Представляется, что такой подход неправильный, поскольку согласованность действий и их предварительное планирование, направленное на совершение преступления, обладает повышенной общественной опасностью, а значит, должно влечь более серьёзные негативные последствия для лиц, совершивших преступление в соучастии [11]. Действующий же сейчас подход нарушает и принцип законности, и принцип равенства всех перед законом, и, наконец, принцип справедливости. Помимо этого без ответа остаётся вопрос, о какой форме соучастия следует говорить, когда преступление по предварительному сговору совершил исполнитель и иной соучастник (наука отвечает — сложной, но какое практическое значение имеет такой ответ?).
Видится два возможных варианта разрешения обсуждаемой проблемы. Во-первых, группу лиц и ГЛПС можно считать независимыми друг от друга понятиями, которых объединяет лишь то, что они являются формами соучастия. Вариант не бесспорный, поскольку одно понятие содержит в себе другое, но всё же имеет право на существование.
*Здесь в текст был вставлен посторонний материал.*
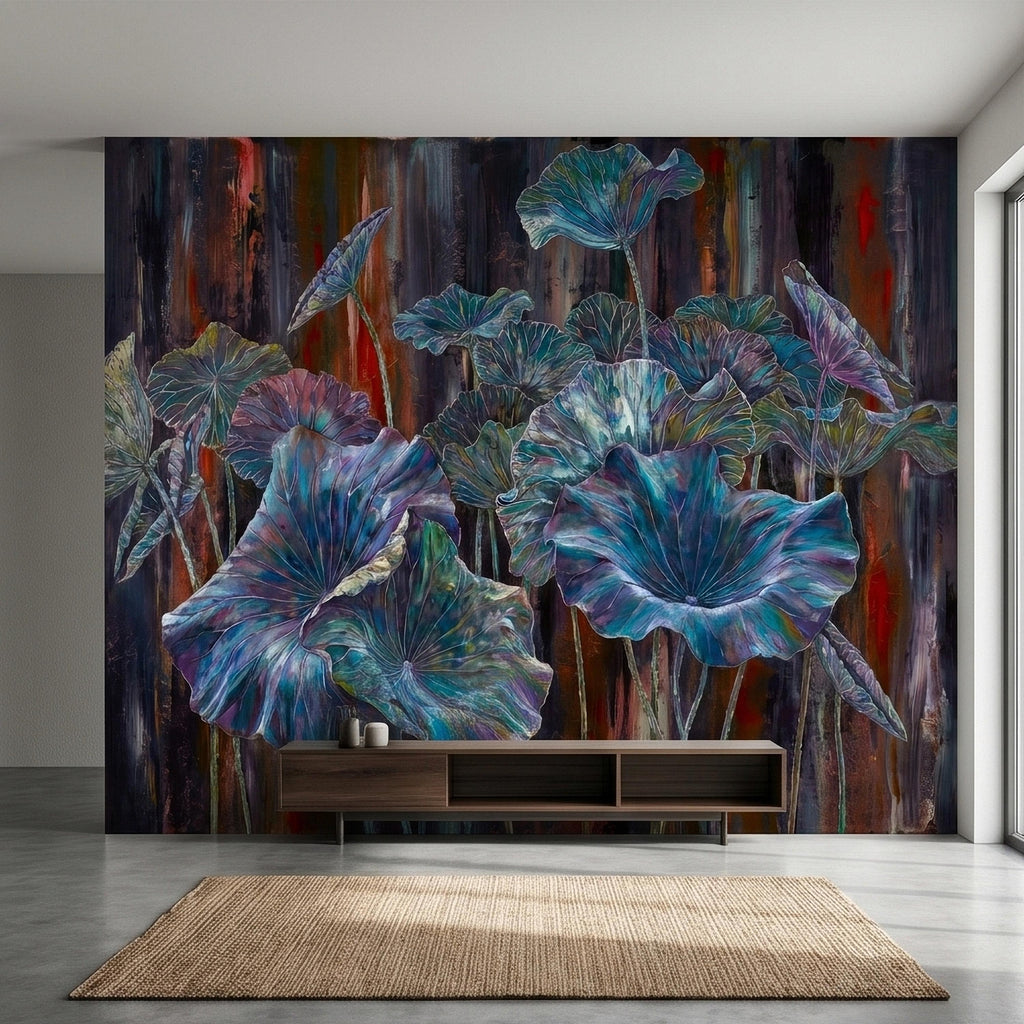Iridescent Lotus Leaves Peel and Stick Wall Mural, Moody Dark Botanical Water Lily Painting, Teal Blue Purple Abstract Floral Art Wallpaper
Во-вторых, имеет смысл задуматься о правильности законодательного определения группы лиц. Подобное соображение продиктовано также спорами о квалификации действий «держащего за руки» при убийстве, наблюдающего за обстановкой при краже, грабеже и разбое и т. д. Практика пошла по пути признания их соисполнителями для возможности вменения группового признака, при том что по сути описанные действия образуют пособничество. Но насколько верно ломать устоявшийся принцип деления соучастников на виды, в основе которого лежит функциональное предназначение? Возможно, решением проблемы как раз стало бы изменение подхода к определению группы лиц, над чем и предлагается поразмышлять.